L’activité des femmes est donc souhaitable économiquement à la fois pour les femmes elles-mêmes, mais aussi du point de vue de la société qui gagne à mieux développer son potentiel productif. De plus, Méda reprend l’argument démographique, entre autres développé par Espring-Andersen, à savoir qu’il faut faciliter la conciliation entre la vie professionnelle et familiale pour que les femmes aient plus d’enfants. En effet, des études ont montré que si les femmes doivent choisir entre travail et maternité, certaines renoncent à avoir des enfants, tandis qu’elles en ont davantage dans les pays qui facilitent l’articulation entre travail et famille.

3.2.3CHANGER LES NORMES DE TRAVAIL EN FONCTION DES IMPÉRATIFS DE LA VIE

FAMILIALE

Les institutions n’ont pas encore été repensées et réorganisées autour de la nouvelle norme sociale du travail des femmes. Elles sont héritières du modèle « Monsieur Gagnepain et Madame Aufoyer », ce qui empêche la conciliation entre le travail et la famille. Pour permettre l’implication égale des hommes et des femmes dans les tâches domestiques, notamment celle des pères de jeunes enfants, il faut réorganiser le travail. Il faut revoir la norme de travail à temps complet, car travailler quarante d’heures par semaine est incompatible avec la possibilité de prendre soin de jeunes enfants (Ibid. : 131).

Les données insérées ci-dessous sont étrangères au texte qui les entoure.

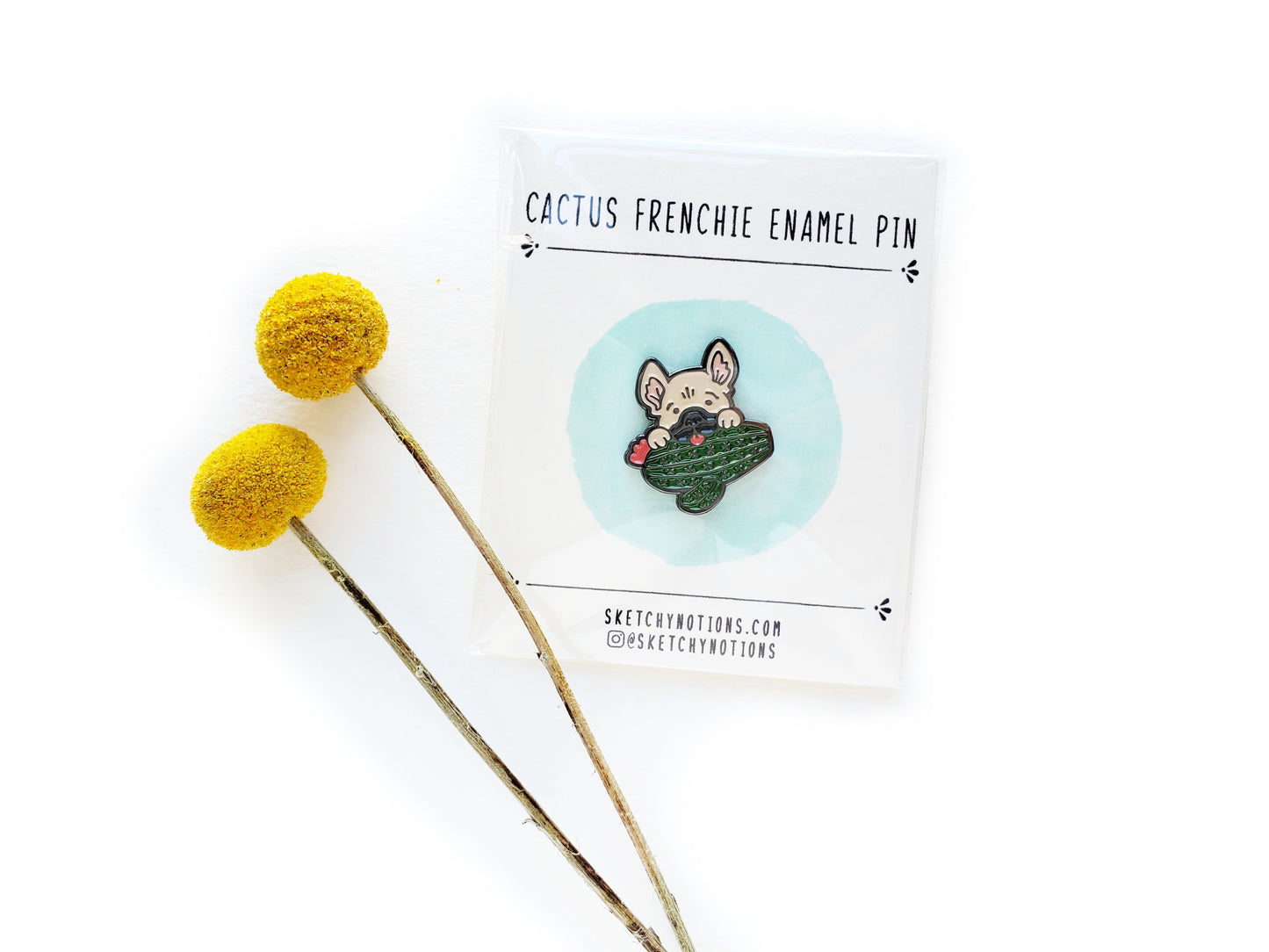 Frenchie Cactus Enamel Pin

Il aurait fallu adopter des principes de concordance des temps, à tous les niveaux – nationaux, régionaux et locaux -, transférant la charge de coordination à des dispositifs collectifs et libérant ainsi les femmes de cette charge. Plus concrètement, il aurait fallu repenser a priori les dispositifs pour organiser la compatibilité des temps des hommes, des femmes et des enfants, en développant des politiques publiques, notamment locales, visant à ajuster a priori les différents horaires et faisant de cette articulation préalable des temps un objet central de négociations entre entreprises, pouvoirs locaux, élus et citoyens (Ibid. : 73)42.

Méda cite des études de l’OCDE, notamment celle menée par Laurence Jaumotte (2003), qui indiquent des mesures qui auraient une incidence sur l’augmentation du taux d’activité des femmes : « investir dans le système d’accueil des jeunes Français les sommes qui y sont consacrées par les pays qui mettent les moyens les plus élevées (le Danemark, soit 2 % du PIB); appliquer aux seconds apporteurs de revenu un traitement fiscal identique à celui des personnes seules (donc, passer à un système d’imposition séparé) » (Ibid. : 129).

La proposition de Méda met donc en lumière que l’articulation du travail et de la famille ne doit plus être envisagée comme un défi individuel, mais plutôt comme un enjeu collectif.